• Exercise aim: Every line from the first record below down to the line that includes "image:imageFlash Furniture Manor" must be reproduced exactly; the pictures are not.

>>>>

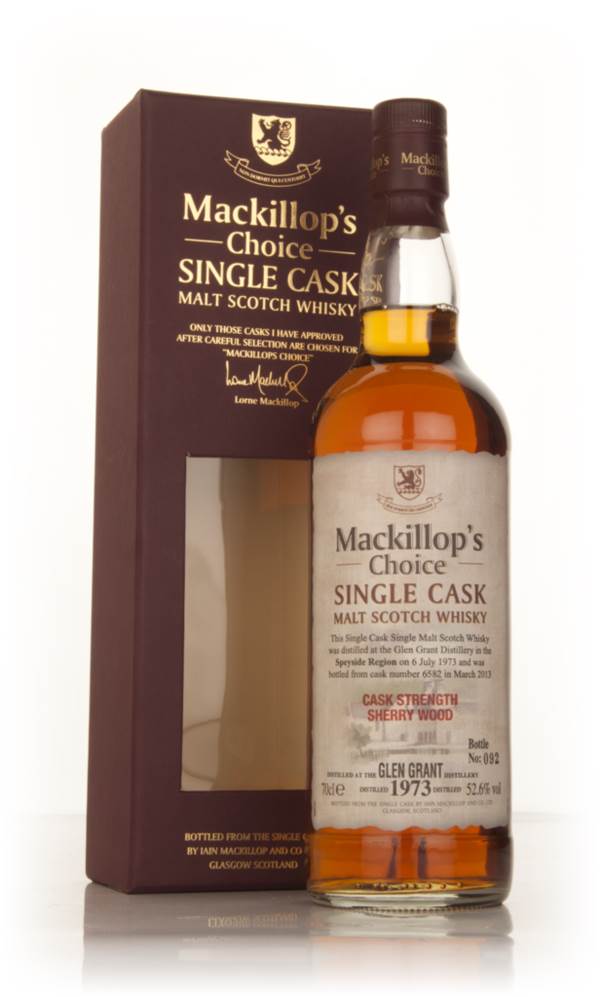 Glen Grant 39 Year Old 1973 (cask 6582) - Mackillop's Choice product image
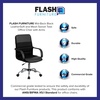 image:imageFlash Furniture Manor MidBack Swivel LeatherSoft Desk Chair with Headrest and Padded Arms Adjustable Height Padded Ergonomic Office Chair BlackBlack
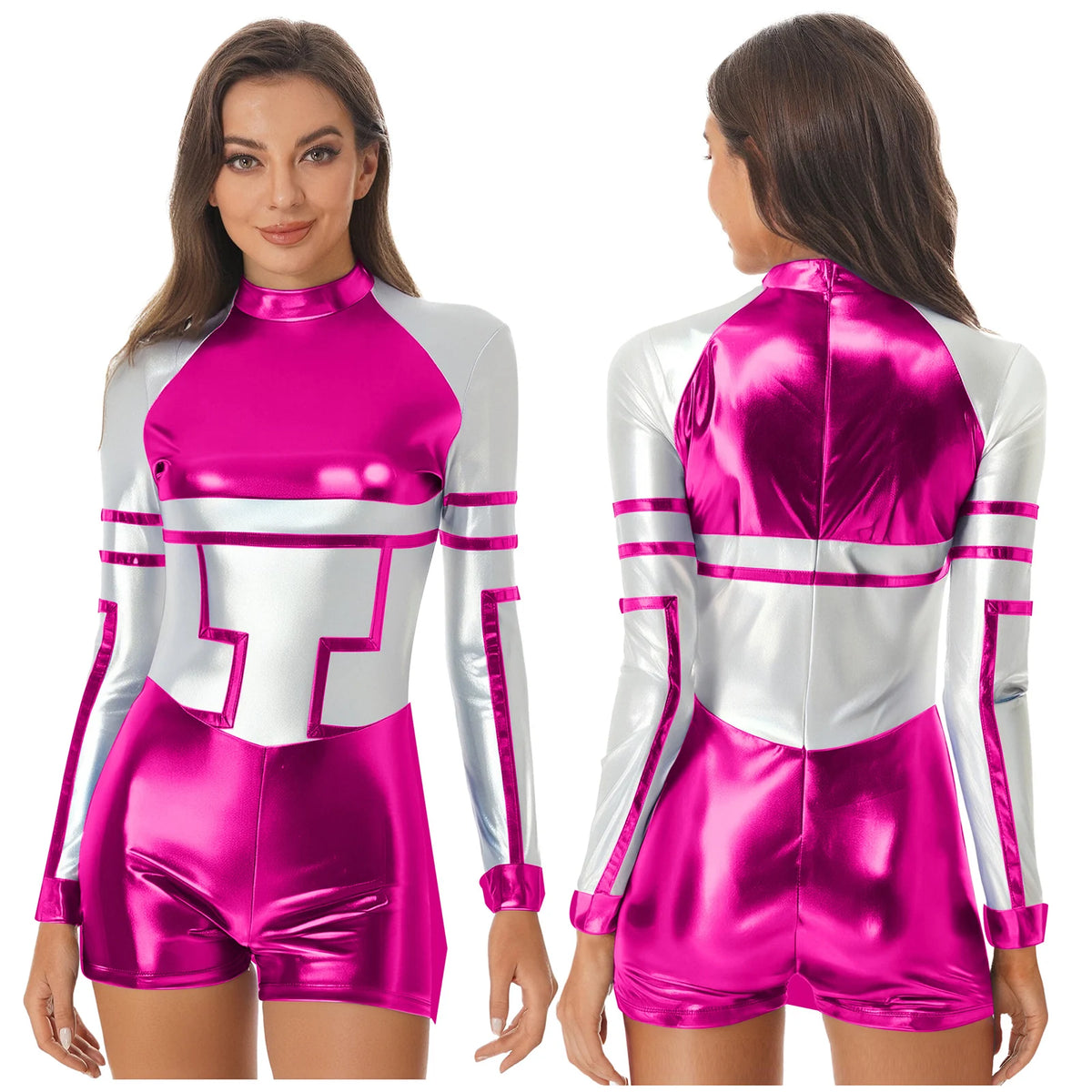 Metallic Space Romper | Long Sleeves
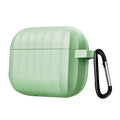 Protective Case Airpods 4 Rubber Case with Keychain | Light Green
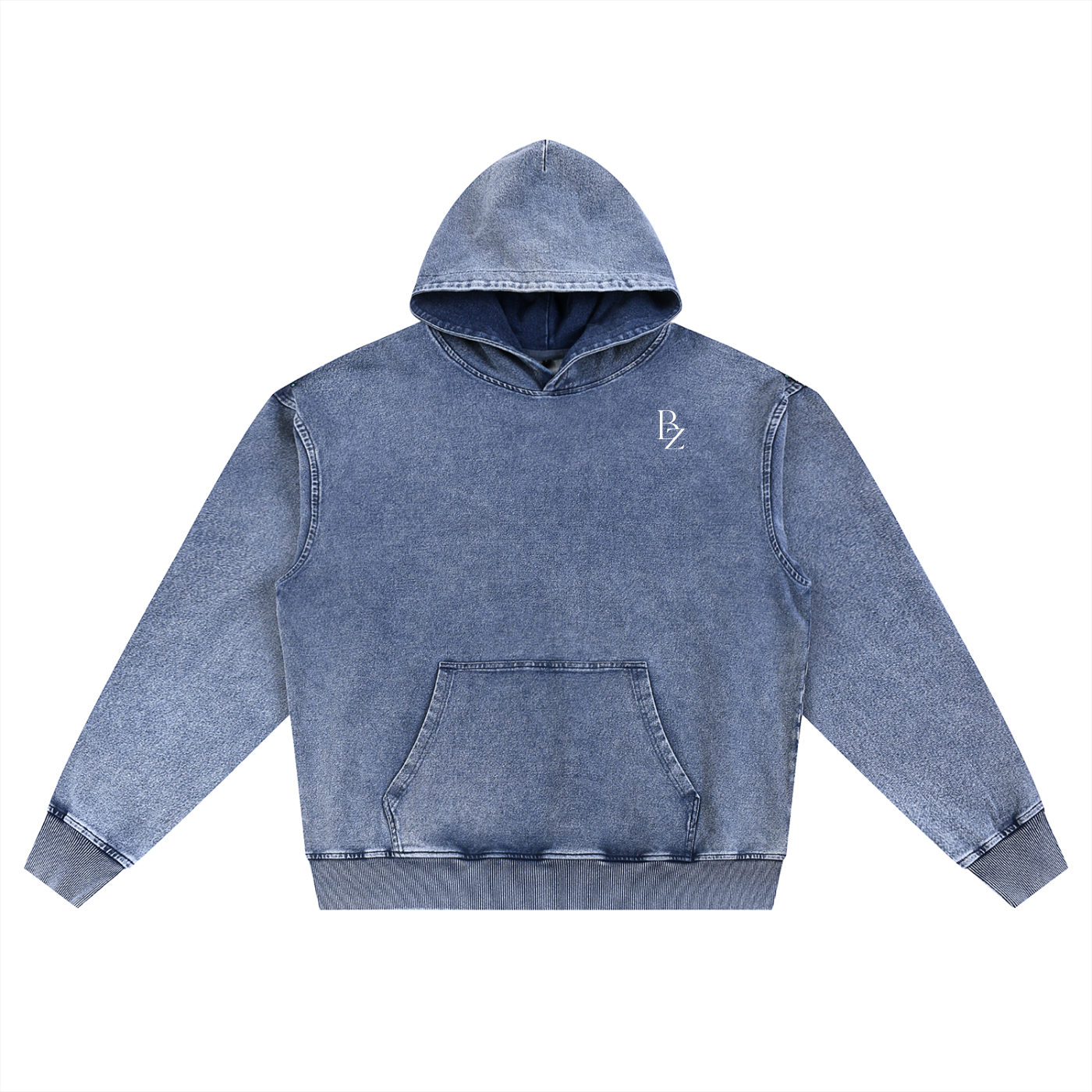 Snow Wash Oversized Hoodie – Vintage Heavyweight Unisex Gym Hoodie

<<<<

• Answer to the problem:
 Glen Grant 39 Year Old 1973 (cask 6582) - Mackillop's Choice product image
 image:imageFlash Furniture Manor MidBack Swivel LeatherSoft Desk Chair with Headrest and Padded Arms Adjustable Height Padded Ergonomic Office Chair BlackBlack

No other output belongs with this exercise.